Description of the task >>
Reproduction of part of the material below, pictures omitted: copy exactly, and only, the lines starting with the one with "Camborne,Cornwall,UK,26th novembre 2022, le" and going on through the one with "Congo prueba nuevos".

Given records >>

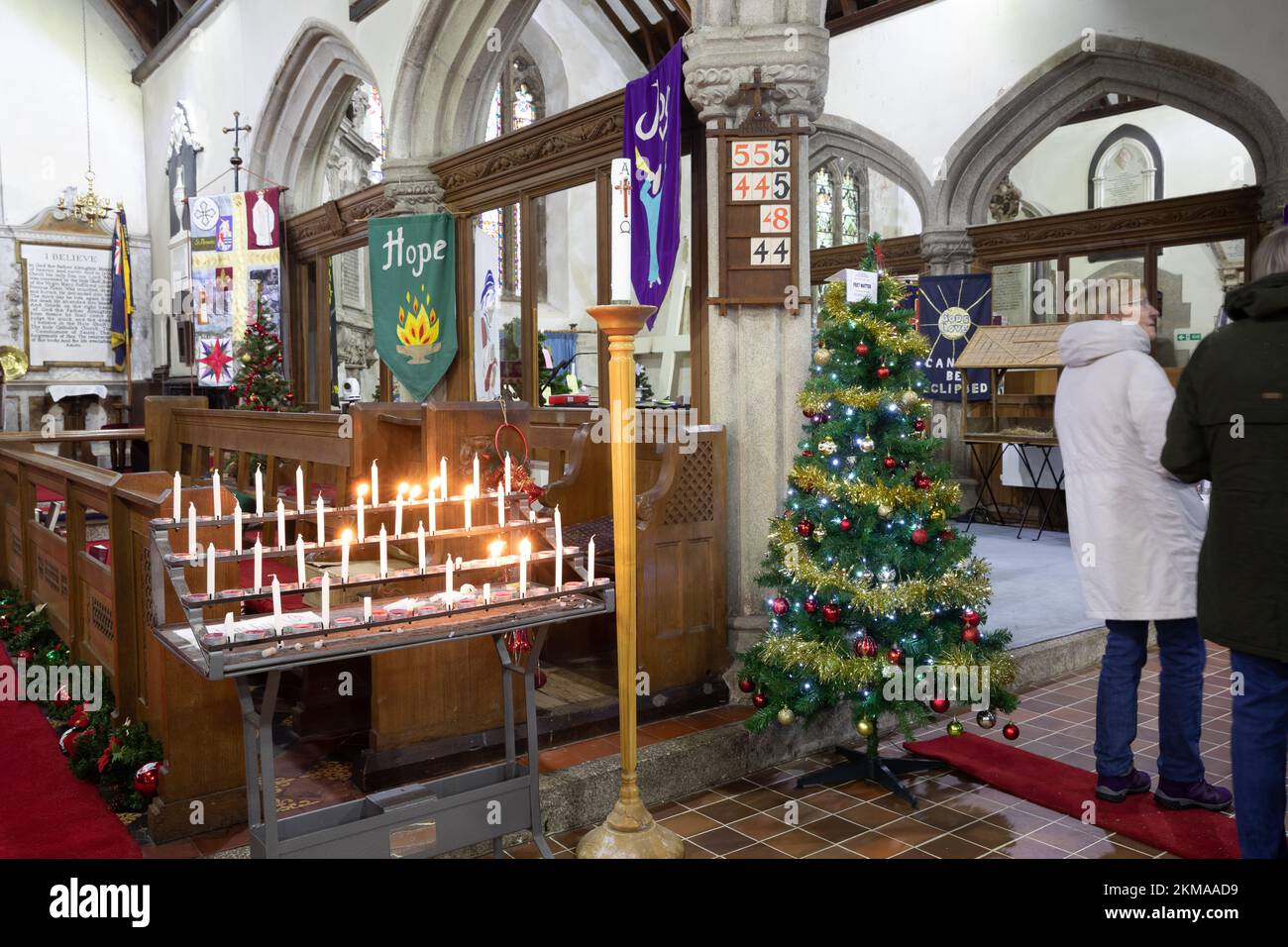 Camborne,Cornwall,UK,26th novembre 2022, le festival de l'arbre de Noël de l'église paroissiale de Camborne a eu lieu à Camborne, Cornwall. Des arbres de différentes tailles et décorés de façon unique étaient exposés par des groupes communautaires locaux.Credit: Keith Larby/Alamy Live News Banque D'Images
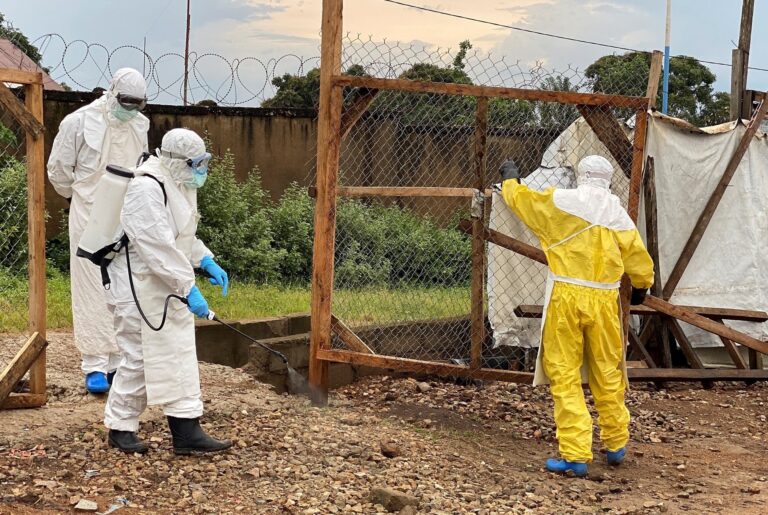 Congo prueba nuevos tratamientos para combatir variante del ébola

--

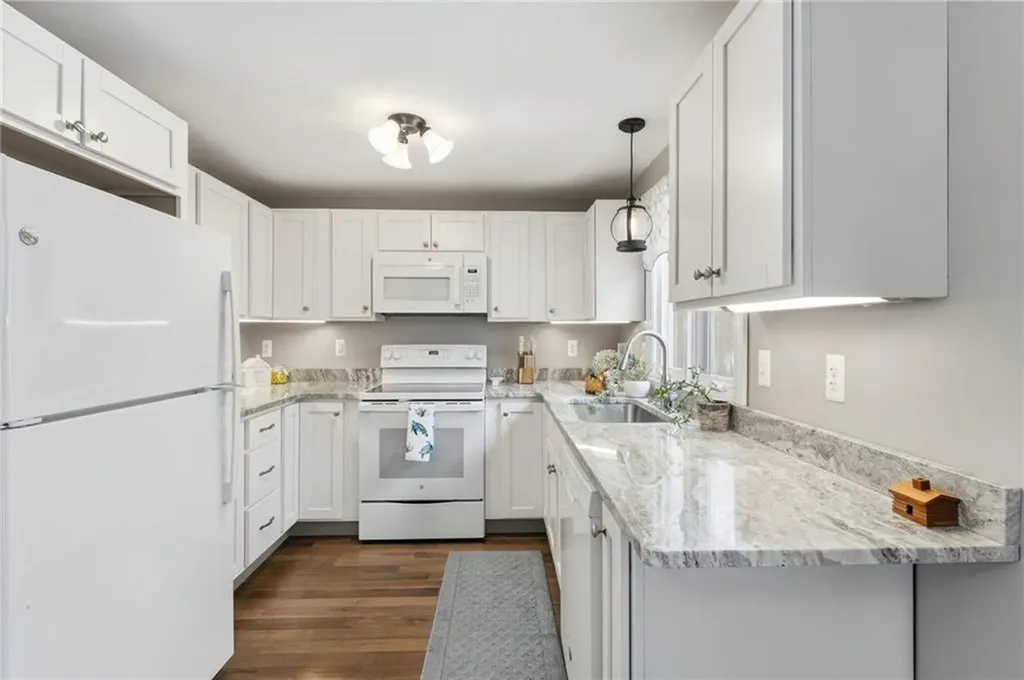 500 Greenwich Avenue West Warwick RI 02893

Response to the task >>
 Camborne,Cornwall,UK,26th novembre 2022, le festival de l'arbre de Noël de l'église paroissiale de Camborne a eu lieu à Camborne, Cornwall. Des arbres de différentes tailles et décorés de façon unique étaient exposés par des groupes communautaires locaux.Credit: Keith Larby/Alamy Live News Banque D'Images
 Congo prueba nuevos tratamientos para combatir variante del ébola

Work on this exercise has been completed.